2.4 Basis Of Arriving At The Disposal Consideration
The disposal consideration was arrived at on a willing-buyer willing-seller basis after taking into consideration the adjusted/revalued net assets ("NA") of the Dayang Companies as at 30 September 2007 of approximately RM122,913,259 in the following manner:-
(a) 45% of the audited NA of DESB as at 30 September 2007 of RM66,503,443 and after adjustment for a final dividend of RM4,000,000 declared in respect of the financial year ended 30 September 2007;
(b) 45% of the audited NA of DMSSB as at 30 September 2007 of RM55,871,579 and after taking into consideration a net revaluation surplus on the three (3) marine vessels of DMSSB of RM25,053,136. The market value of the marine vessels were valued by Messrs. Knight Frank Ooi & Zaharin Sdn Bhd, an independent firm of valuers; and
(c) 45% of the audited NA of FTSB as at 30 September 2007 of RM4,538,237.

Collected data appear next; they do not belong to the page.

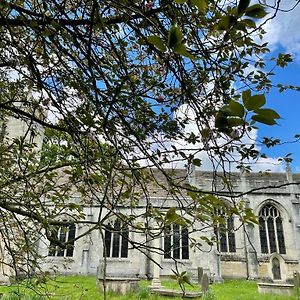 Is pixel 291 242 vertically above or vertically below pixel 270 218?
below

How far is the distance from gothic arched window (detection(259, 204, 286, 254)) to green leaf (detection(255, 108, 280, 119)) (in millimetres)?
22727

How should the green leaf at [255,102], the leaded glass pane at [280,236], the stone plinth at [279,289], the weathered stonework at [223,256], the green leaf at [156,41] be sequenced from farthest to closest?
1. the leaded glass pane at [280,236]
2. the weathered stonework at [223,256]
3. the stone plinth at [279,289]
4. the green leaf at [156,41]
5. the green leaf at [255,102]

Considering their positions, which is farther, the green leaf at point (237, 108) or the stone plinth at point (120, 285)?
the stone plinth at point (120, 285)

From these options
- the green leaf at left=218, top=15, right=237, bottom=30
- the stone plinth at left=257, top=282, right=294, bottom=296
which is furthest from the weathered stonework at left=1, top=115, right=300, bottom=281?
the green leaf at left=218, top=15, right=237, bottom=30

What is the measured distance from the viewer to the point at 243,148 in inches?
75.2

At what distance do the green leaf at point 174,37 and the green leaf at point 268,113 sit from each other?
308 millimetres

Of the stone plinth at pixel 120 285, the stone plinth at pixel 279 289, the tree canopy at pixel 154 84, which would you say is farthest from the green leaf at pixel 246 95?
the stone plinth at pixel 279 289

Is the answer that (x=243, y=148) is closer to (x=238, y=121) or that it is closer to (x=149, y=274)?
(x=238, y=121)

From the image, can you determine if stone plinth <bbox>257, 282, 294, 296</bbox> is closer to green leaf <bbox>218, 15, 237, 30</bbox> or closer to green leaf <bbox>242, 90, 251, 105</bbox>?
green leaf <bbox>218, 15, 237, 30</bbox>

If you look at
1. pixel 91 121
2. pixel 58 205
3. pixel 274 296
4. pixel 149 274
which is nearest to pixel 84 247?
pixel 149 274

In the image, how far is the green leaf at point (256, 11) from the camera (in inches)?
39.3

2.5 Basis Of Determining The Issue Price of the New Shares in DEHB
The issue price of approximately RM0.50 per new shares in DEHB to be issued pursuant to the Proposed Share Exchange is based on the par value of the shares in DEHB.
2.6 Rights and ranking of the New Shares in DEHB
The new shares in DEHB to be issued pursuant to the Proposed Share Exchange shall, upon allotment and issuance, shall rank pari passu in all respects with each other.
3. BACKGROUND INFORMATION OF DEHB
DEHB was incorporated in Malaysia on 10th October 2005 under the Act as a public company. The authorized share capital of DEHB is RM100,000 comprising 200,000 ordinary shares of RM0.50 each, of which RM1.00 comprising 2 ordinary shares of RM0.50 each have been issued and fully paid-up. DEHB has not commenced operation.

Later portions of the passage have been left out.